On notera aussi l’importance attachée à l’association hévéa et cacaoyer, permettant de bénéficier de deux productions, même si actuellement l’hévéa n’est guère rentable. Le mode traditionnel de plantation est de commencer par l’hévéa car il a besoin de soleil, puis de planter 3 mois après des bananiers (pendant 2 ans), puis un an après des cacaoyers qui entreront en production au bout de 2,5 à 3 ans. Mais à Paineiras, on expérimente aussi un autre système : couper les vieux hévéas devenus improductifs et replanter de nouveaux plants sous des cacaoyers vieux de 15 à 30 ans : 2 lignes d’hévéas à 3 x 2,5 m, puis 15 m de distance entre chaque paire de lignes. L’hévéa sous le cacaoyer : cette expérience sur 2,5 ha méritera d’être suivie car elle peut intéresser d’autres plantations à rénover, et à notre avis pas seulement au Brésil. Notre tour de la fazenda nous a permis d’observer d’autres pratiques culturales intéressantes. Notamment le remplacement des arbres d’ombrage traditionnels que sont les légumineuses Erythrina au bois trop fragile par du cajà (spondias mombin).

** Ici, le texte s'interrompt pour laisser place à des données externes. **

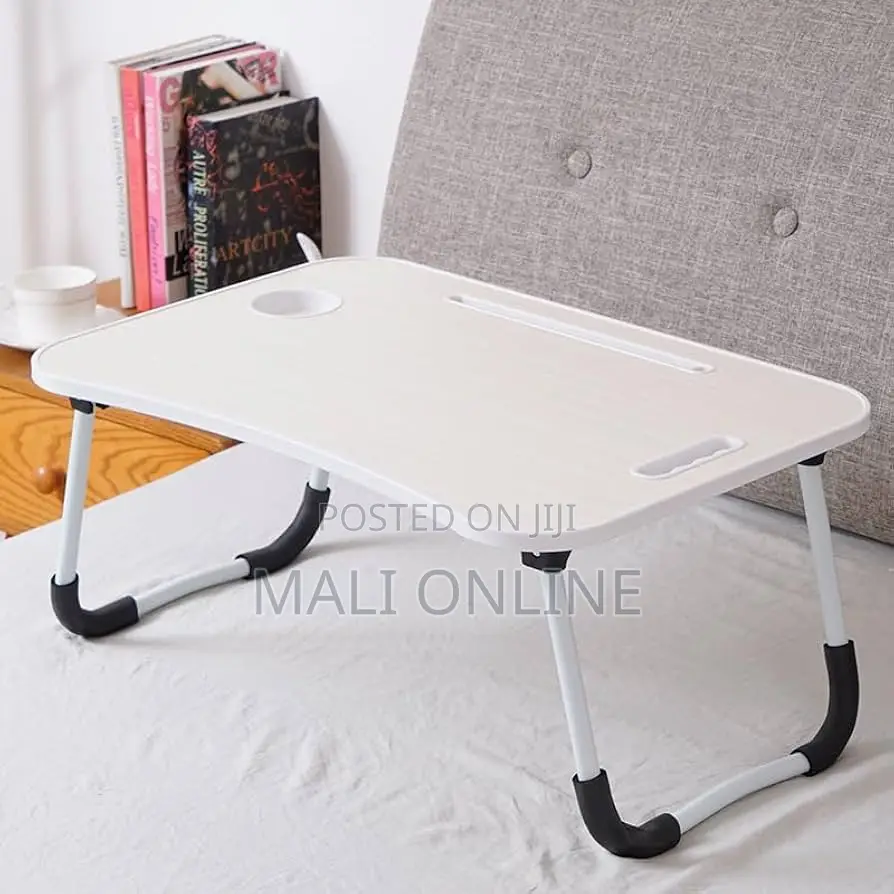 Foldable Portable Laptop Desk Bed Tray With Dock Stand Cup Holder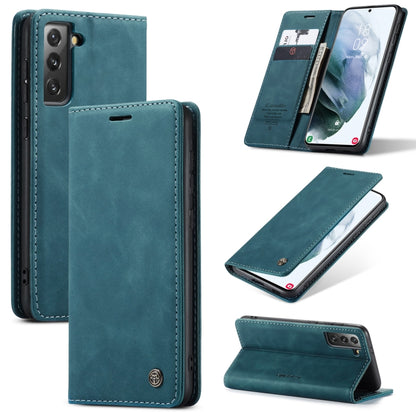 For Samsung Galaxy S21+ 5G CaseMe 013 Multifunctional Horizontal Flip Leather Case with Holder & Card Slot & Wallet(Blue) - Galaxy S21+ 5G Cases by CaseMe | Online Shopping UK | buy2fix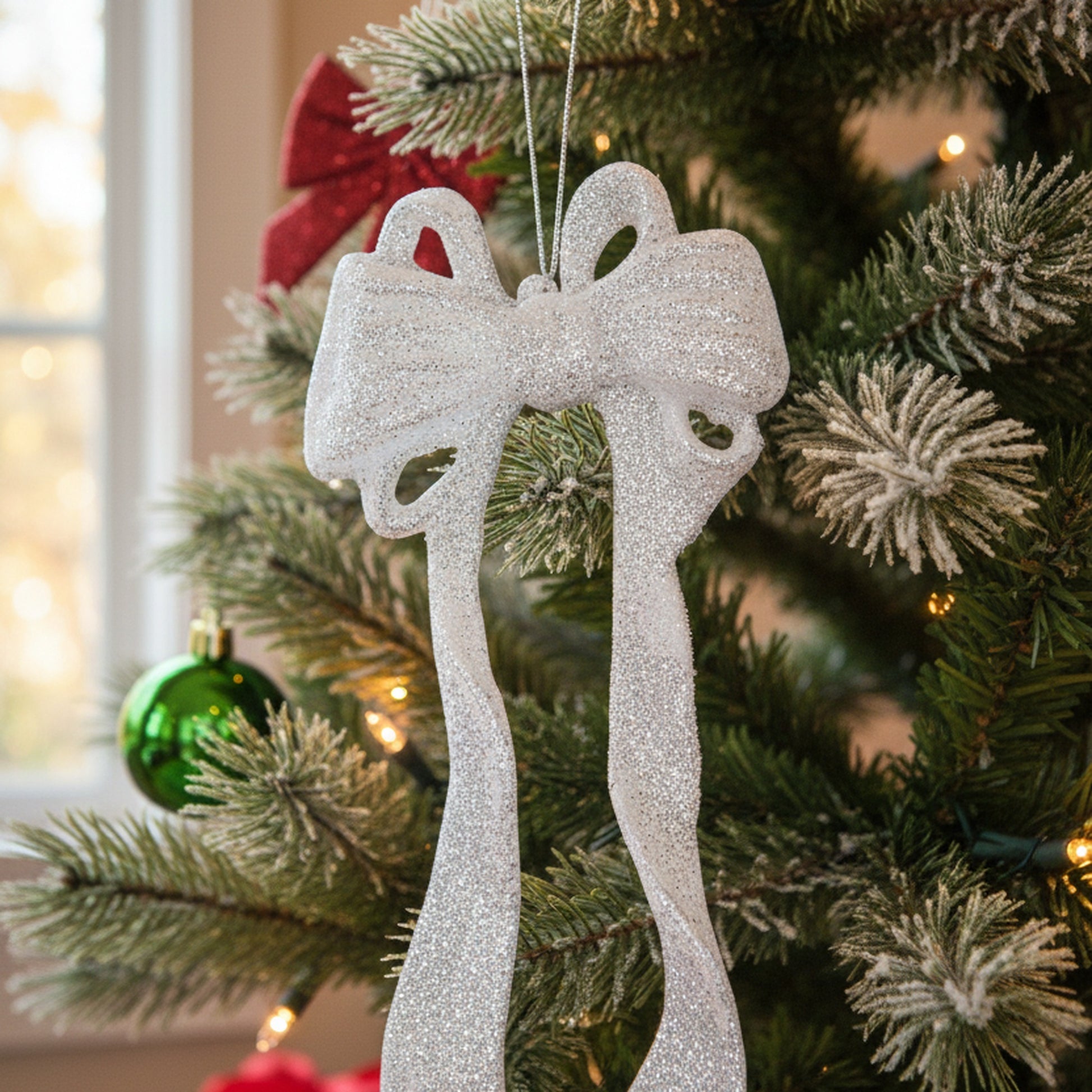 Silver Glitter Ornament Bow, Ornament, Holiday Decor- Set of 6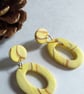 YELLOW MARBLE EFFECT POLYMER CLAY EARRINGS - - FREE UK POSTAGE - Image 6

La fazenda Paineiras dispose de ses propres infrastructures de fermentation, de séchage et d’entreposage, même si de plus grosses installations sont situées à Gandu. La fermentation se fait dans des bacs traditionnels. Le séchage se fait en 2 temps : 1 jour sur une «barcasse» (séchoir «Laurent»), puis 9 à 10 jours en «estufa» (séchoir-tunnel) pour amener les fèves à 6 % d’humidité. La fazenda abrite également la coopérative Cooperbahia qui démarre une fabrication de liqueur (pâte de cacao). Un autre billet de blog présentera cette coopérative.
Enfin, même si généralement nous n’apprécions pas trop l’étalage de photos d’élèves souriants et autres images politiquement correctes diffusées pour donner une couleur «sociale», nous ne pouvons pas quitter cette fazenda sans une photo d’école. Pourquoi ? Parce que lorsque nous avons visité la plantation en compagnie de Daniel Antrade (responsable de Cooperbahia) et de Robson, un technicien, ce dernier nous a dit fièrement qu’il avait passé ces premières années de scolarité dans cette école et que son fils de 4 mois y ira très certainement lui aussi. Tradition d’entreprise. Pérennité du lien social. Vision à long terme d’une grande propriété agricole, et non seulement image «socialement responsable». D’où photo.
Après la fazenda Paineiras nous avons pu visiter une autre ferme de M. Libânio : Ladeira Grande à Gandu, faisant partie du conjunto Petrolina. Pour Petrolina, M.Libânio a investi dans les certifications UTZ et Rainforest Alliance.390 hectares dont 224 d’association cacao + hévéa, 18 variétés de cacaoyer.
Ce fut l’occasion de voir avec Eimar d’autres innovations tant sur la plantation qu’au niveau des infrastructures. Ainsi pour le séchage, nous avons pu voir un système mécanisé, ainsi qu’un nouveau modèle de séchoir-tunnel sur tables maillées d’un plastique spécialement conçu pour M.Libânio.
Dernière étape: le contrôle qualité des fèves. Un contrôle rigoureux est effectué afin que la production puisse maintenir sa réputation. M. Libânio est fier de ses réussites aux concours. Et fier de voir ses fèves utilisées notamment pour le chocolat de couverture Macaé de Valrhona, pour une tablette de la marque brésilienne Harald Unique et pour une des tablettes «Grand Cru» de Bonnat (cf. sur ce site en attendant le nouveau site de Bonnat).